The men work fast as I watch. I am not allowed to touch the enormous knives that they use to slice each fillet. The sharp end neatly slides under bone, which is pulled and set aside. There is a ritual to it, an assembly- line kind of motion that must be tedious to perform, but is oddly satisfying to watch. Even at seven years old, I appreciate the repetition.
As they cut, blood and ocean water run down that clear tarp, all the way to the grass. There it pools in frothy pits of pink, a piece of the Kenai seeping into Anchorage soil.
We are not normally these kinds of Natives. My father calls us “city Natives.” He tells us stories about growing up in the village, and a life filled with hunting and gathering. They sound like fairy tales to me, a child who gets on a school bus every day and eats McDonald’s for dinner. So no, we are not that kind of Native—not even close.

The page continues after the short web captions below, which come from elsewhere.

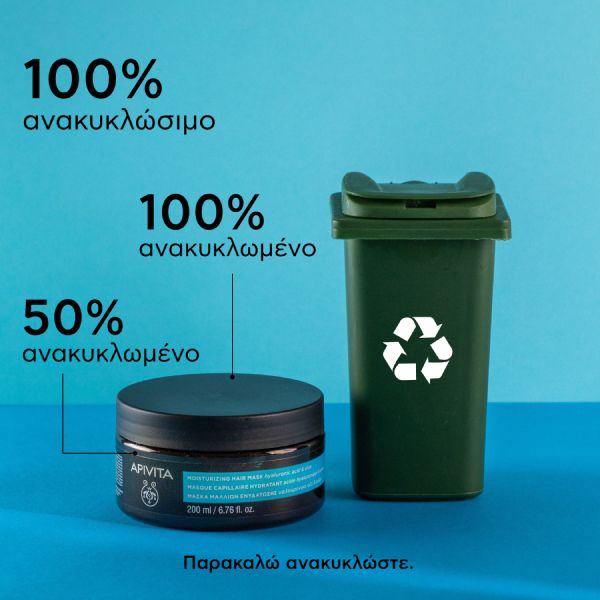 Apivita Μάσκα Μαλλιών Ενυδάτωσης με Υαλουρονικό Οξύ και Αλόη 200 ml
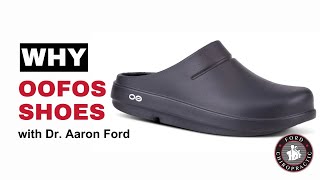 Are OOFOS Shoes Worth the Hype? Find Out What A Chiropractor Thinks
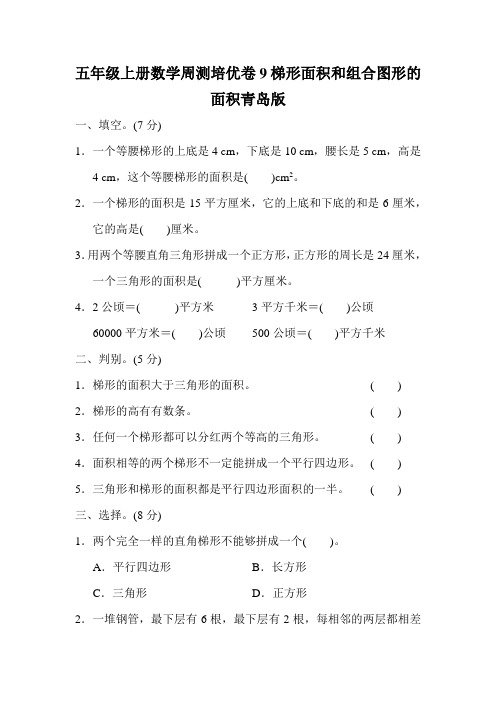 五年级上册数学周测培优卷9梯形面积和组合图形的面积青岛版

But today we are. Today the fish come in, and everyone gathers around the bloody picnic table. My father cuts off fish heads and turns them into puppets and we kids squeal as he threatens to chase us with them. Later, in college, a girl from Kodiak would tell me a similar story of her father back home, fish heads and all. We’d laugh and I would think, “Huh, so this is what Dad was talking about.”
But for now I am seven, and all I see is the red of the fish, impossibly bright, the kind of color that grocery chains wish they could achieve through food dye, but always fall short. Our fish are sliced, vacuum-packed, and sent to the freezer. The tarp is cleared away. The blood and ocean water have been absorbed by the lawn.
My father wakes up the next day and goes to work, his usual nine to five. He is clean-shaven now, the scruffiness from his weekend gone completely. We go to school, where we sort of look the same as everyone else—white, at least on the surface, everything else hidden underneath.
I don’t remember eating the fish. In fact, I don’t recall ever seeing it again.